Tomasz Nałęcz: Ależ oczywiście. Nowoczesna Europa to jest mądra polityka socjalna na miarę możliwości danego państwa. Nie może być tak, że my wszystko zawierzymy takiej recepcie, że jak umożliwić przedsiębiorcom dobre gospodarowanie, to oni będą zamożni i bogactwem się z uboższymi podzielą, bo to jest klasyczna reguła neoliberalna i ona nigdzie na świecie się nie sprawdza. To musi być mądra polityka państwa, żeby bogatszy się z biedniejszym dzielił swoją zamożnością.
„Sygnały Dnia”: A czy bardzo się pan zżyma, kiedy słyszy pan, że dzisiaj prawdziwą lewicą jest Samoobrona?
Tomasz Nałęcz: Zżymam się na to, żeśmy sami do tego doprowadzili, bo tak rzeczywiście dzisiaj jest. Skoro żeśmy dopuścili do ugorowania znacznej połaci programów socjalnych, programów obyczajowych lewicy, to na ten ugór wdarły się chwasty w postaci Samoobrony.

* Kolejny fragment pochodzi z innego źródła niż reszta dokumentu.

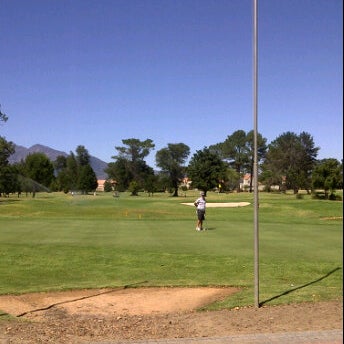 รูปภาพถ่ายที่ Boschenmeer Golf Estate โดย Ryan A. เมื่อ 1/27/2012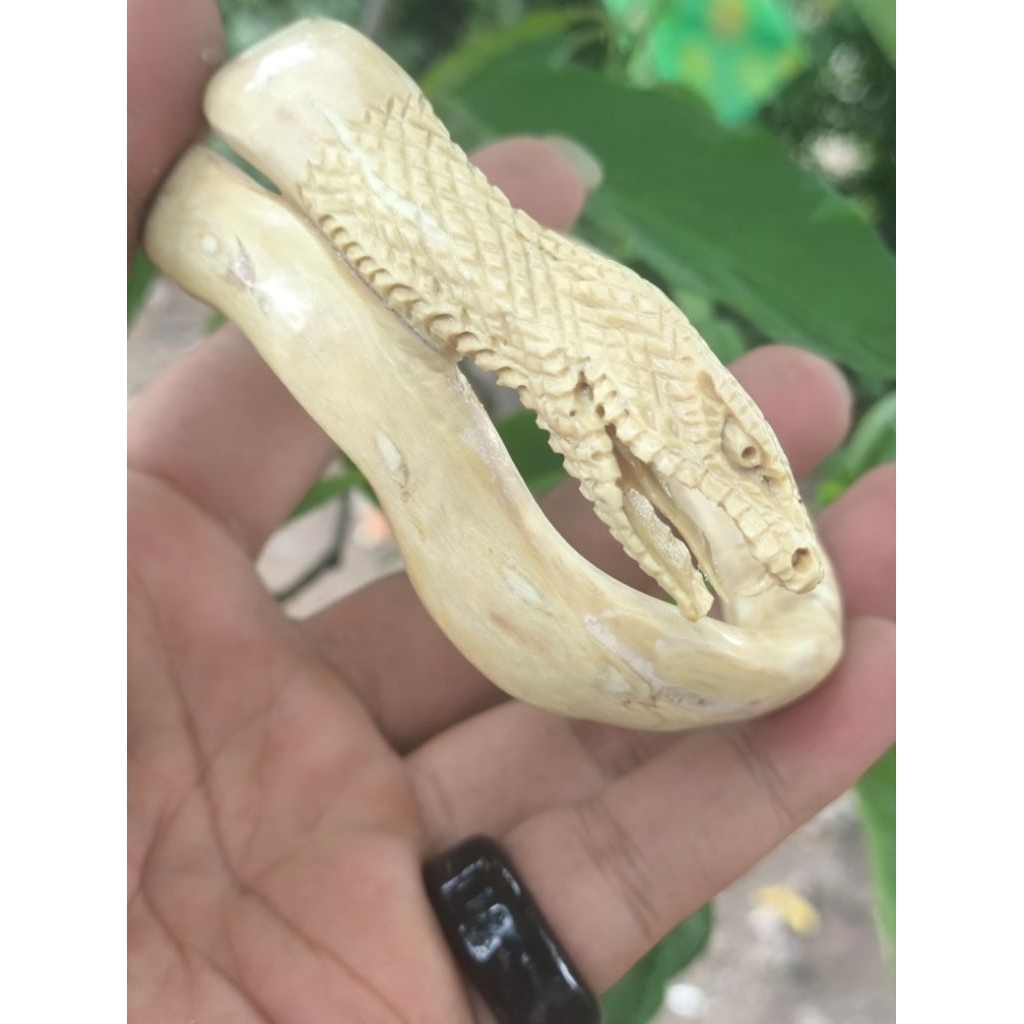 GELANG AKAR BAHAR UKIR ULAR PUTIH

Ale ja nie mam pretensji do chwastów, że one rosną na nie uprawianym polu, bo to jest natura chwastu. Ja mam pretensję do gospodarza z lewicy, który dopuścił do ugorowania znacznych połaci swojej programowej działalności i dlatego wdarły się chwasty. Dlatego z taką goryczą, z taką stanowczością mówię o potrzebie zmiany, także o potrzebie zmiany personalnej, bo to przecież nie ma co ukrywać, że określeni ludzie mogą zdobyć się na tyle, na ile już się zdobyli.